Due anni e sei mesi, invece, è la condanna per il deputato Massimo Parisi, stretto collaboratore di Verdini.
I giudici hanno poi condannato a cinque anni e sei mesi ciascuno gli imprenditori Riccardo Fusi e Roberto Bartolomei. Interdizione perpetua dai pubblici uffici anche per loro. Tutti gli imputati sono stati invece assolti dall’associazione a delinquere.

Verdini è stato assolto relativamente ai prestiti concessi a Marcello Dell’Utri. La Procura contestava una serie di fidi scoperti di conto corrente per un ammontare di 2,8 milioni tra il dicembre 2006 e il marzo 2010.

“Non è finita, rispettiamo la sentenza ma siamo pronti a combattere e attendiamo le motivazioni per andare in appello”. Così Ester Molinaro, legale di Verdini dopo la sentenza di primo grado. “Per ora – ha aggiunto Molinaro commentando la condanna – abbiamo dimostrato che non esiste alcuna associazione tra Verdini e i suoi presunti sodali, in appello dimostreremo che non sussistono neppure le altre accuse”.

Tutti gli imputati al processo per il crac del Credito Cooperativo Fiorentino sono stati assolti dal collegio dall’accusa di associazione a delinquere.
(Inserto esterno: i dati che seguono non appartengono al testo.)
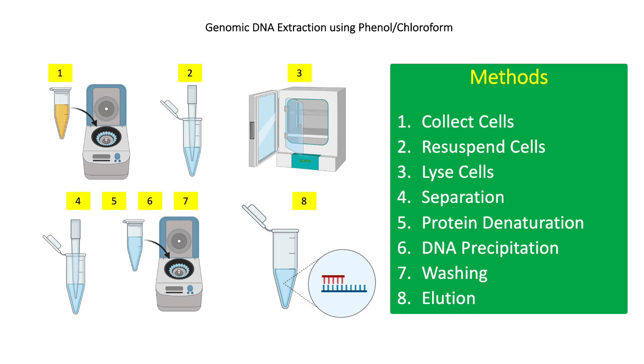For step 5, add 700 microliters of chloroform and mix well. This enhances the denaturation of the remaining proteins, phenols, and lipids in the solution. Chloroform also enhances the separation of the organic phase and the aqueous phase, which contains the DNA. Centrifuge at 13,000 RPM for 10 minutes, pipette the aqueous phase, and transfer into a new tube. Repeat once.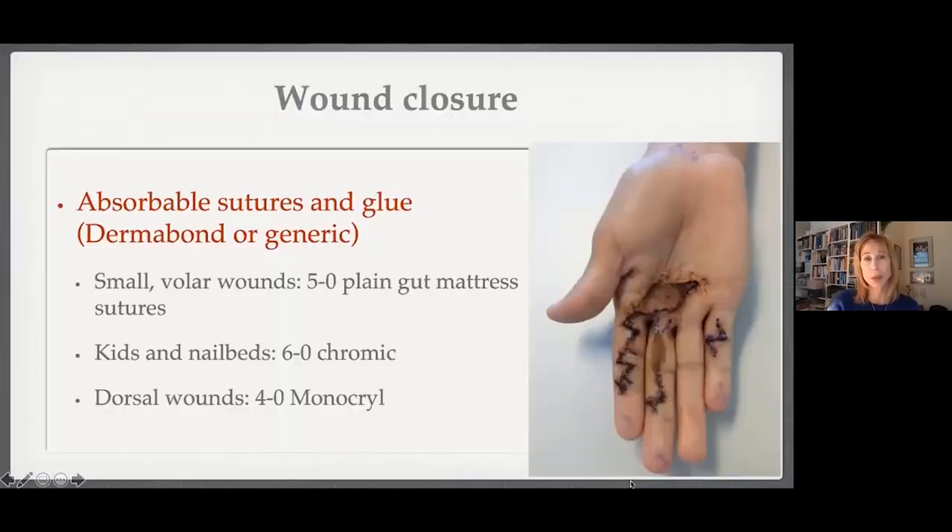Moving on to the intraoperative pearl: absorbable sutures and glue have changed my post-operative life as a surgeon. I started doing this about 15 years ago in the pediatric population and then extended to Dupuytren's patients — I do this almost exclusively now. I use a 5-0 plain gut. Here's Dermabond applied; here's someone at one week — the wounds are really great. I don't apply three layers as originally described; I just do one layer.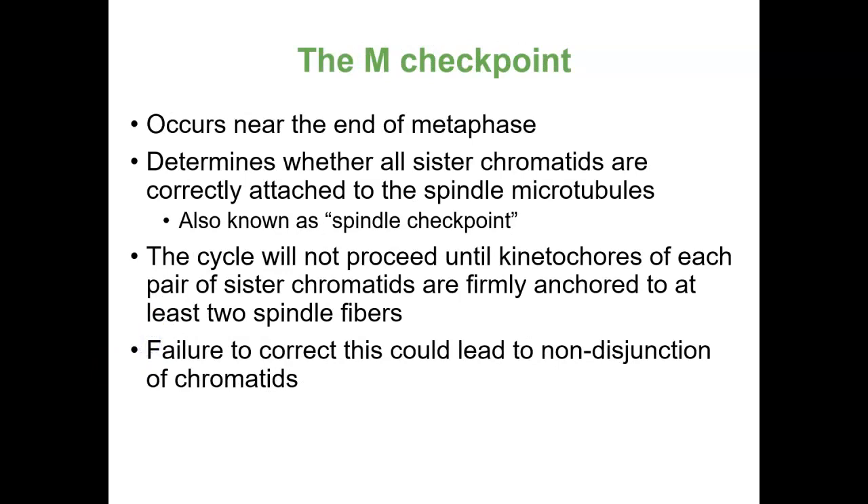The M checkpoint is right at metaphase — that's the point where all the sister chromatids are lined up in the middle at the equatorial plate, hooked up with spindle fibers connecting to the kinetochores. We want to be sure everything is hooked properly so that when the cell moves forward, the sisters are separated onto two separate cells. Failure to do that can be called non-disjunction, meaning some cells may end up with too many chromosomes or too few.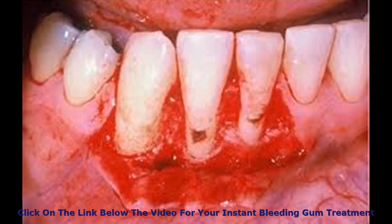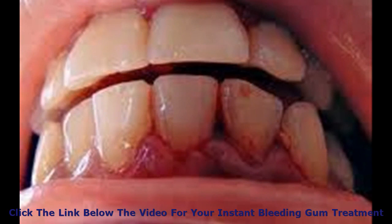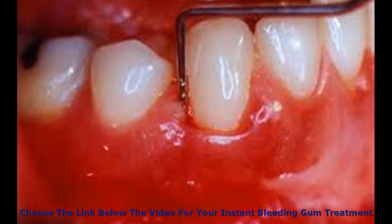The Gum Doctor Remedy consists of a few simple but very powerful plant extracts which kill the bacteria in your mouth on contact. You simply rub a few drops of these extracts into your gums 3 or 4 times a day and your bleeding gums will be gone in less than a week.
Il deputato di Ala Massimo Parisi è stato condannato a due anni e sei mesi  a conclusione del processo per il crac del Credito cooperativo fiorentino. Per il parlamentare, uno dei più stretti collaboratori di Denis Verdini, i pm avevano chiesto una condanna a sei anni.

Quasi una settimana di camera di Consiglio. Sei giorni in cui i giudici del collegio del Tribunale di Firenze hanno passato al setaccio le posizioni dei 45 imputati, di cui 43 persone e 2 società, protagonisti di 70 udienze e di oltre 3.600 pagine processuali. Sono alcuni dei numeri del processo per il crac dell’ex Credito cooperativo fiorentino (Ccf), la banca che Denis Verdini ha guidato dal 1990 al 2010, fallita nel 2012.

Il senatore di Ala, come quasi tutti gli altri accusati, dovevano rispondere, a vario titolo, di associazione a delinquere, bancarotta fraudolenta, appropriazione indebita, truffa e irregolarità rispetto alle normative bancarie. Tra gli imputati anche il collega di partito Massimo Parisi e i costruttori Riccardo Fusi e Roberto Bartolomei verso le cui società la banca si era, secondo l’accusa, eccessivamente esposta. Imputati anche membri dei cda della banca e sindaci revisori.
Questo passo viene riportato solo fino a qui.